Apple demos: Promises that aren't being kept
25 November 2015, 04:00
Is Apple getting into a bad habit of making promises within product announcements that it just isn’t keeping? Two recent examples have come to my attention, and there might be more.
Paging Mr Tracy
The first is the Dick Tracy-style voice-to-voice communications of the Apple Watch, officially dubbed Walkie-Talkie. Briefly mentioned in the keynote as being a favorite of a member of the executive team at Apple, and featured on Apple’s site until it disappeared (seen here at Archive.org – scroll down to see the mention), this feature didn’t arrive with the Apple Watch, and didn’t arrive with Watch OS 2.0 either. Apple hasn’t mentioned it since the reveal.
No inkling of inking
Reddit user memorycorruption asked yesterday where the Inking feature within Microsoft Word on his iPad Pro has got to – something he only discovered was missing when he tried to use it. This feature was demoed by Microsoft in the official iPad Pro reveal a few months ago and is supposed to let you use the Apple Pencil to scribble on docs. memorycorruption expected to be able to sign his name within documents, and reckons Inking was one of the features that prompted him to buy an iPad Pro in the first place.
In a comment reply to a Microsoft blog posting, Microsoft Product Manager Ebun Onagoruwa says Inking will be here real soon now.
Okay, we might say this one is Microsoft’s fault, not Apple’s.

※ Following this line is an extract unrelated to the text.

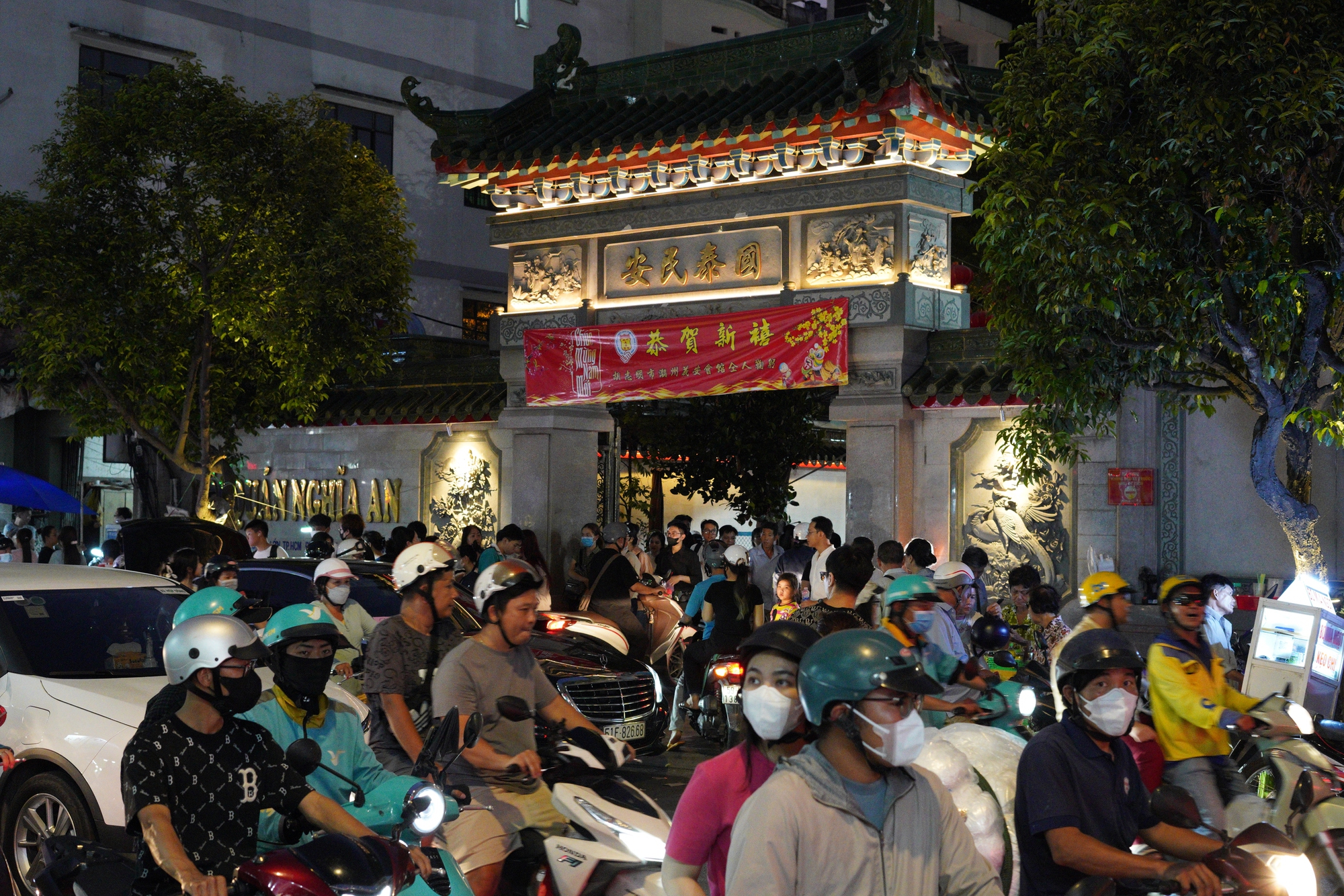 Người d&acirc;n chen k&iacute;n ng&ocirc;i ch&ugrave;a thi&ecirc;ng tại TP.HCM đ&ecirc;m Rằm th&aacute;ng Gi&ecirc;ng, tất cả v&igrave; một tục "vay - trả" đ&atilde; tồn tại trăm năm- Ảnh 1.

But Microsoft appeared on Apple’s stage, in order to sell Apple’s product, and we know for sure that Apple will have scrutinised and questioned every word of that Microsoft script. Apple has to take some of the responsibility here.
Adverts and demos
You might say that product demos are just that: demos. This might’ve been true in the old days, when an on-stage run through of VisiCalc in 1986 came with caveats that what we’re seeing might change before the floppies are pressed.

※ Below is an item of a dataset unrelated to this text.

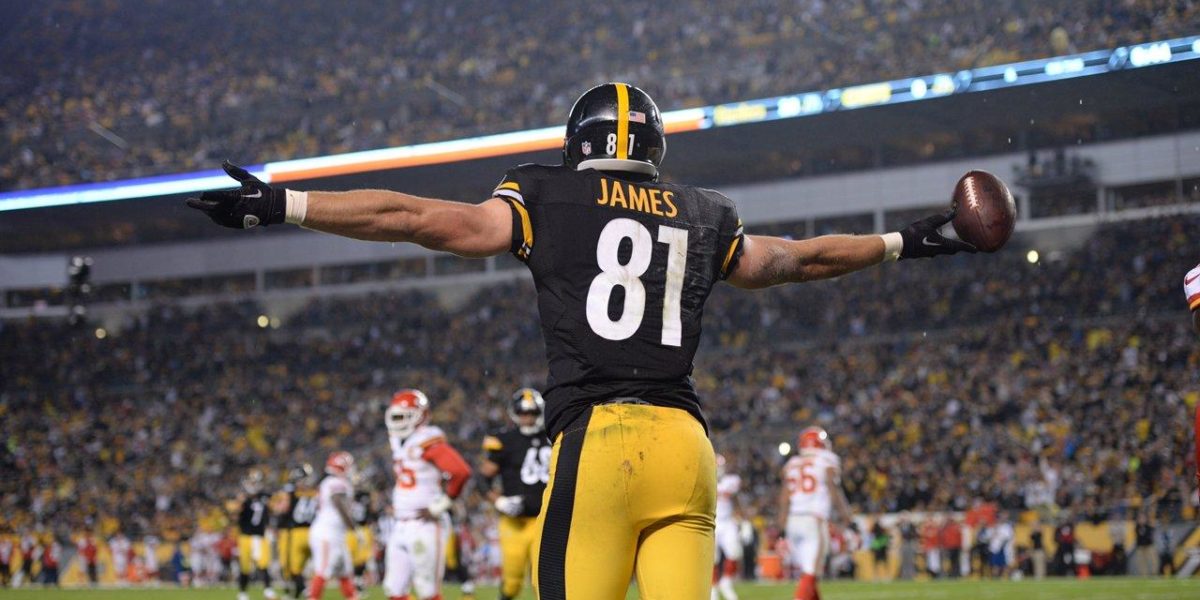 Pittsburgh Steelers tight end Jesse James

But Apple’s on-stage product reveals have massively evolved. Nowadays they’re adverts, pure and simple. They look like adverts, and smell like adverts, and cost the same as adverts – if not more. Movies of them remain on Apple’s website, selling the products.

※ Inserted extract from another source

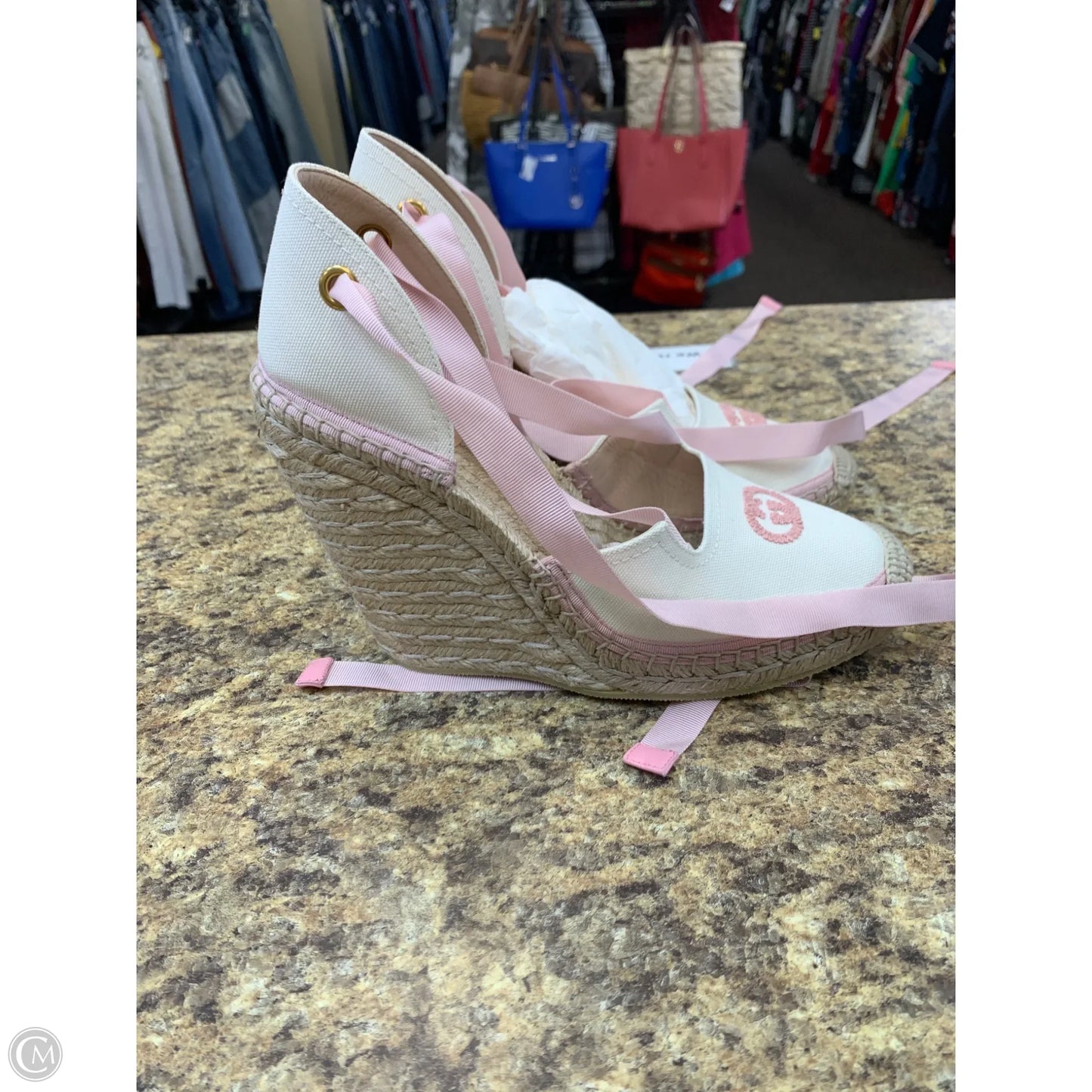 Shoes Luxury Designer By Gucci In Pink & White, Size: 10.5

If it quacks and walks like a duck then…
Adverts have to tell the truth or they shouldn’t be making the claims they do. It’d be insane to suggest any of this above is malicious. But at the most charitable we might call it optimistic. People buy products based on this info. We might expect this kind of thing with certain South Korean-based manufacturers. We don’t with Apple.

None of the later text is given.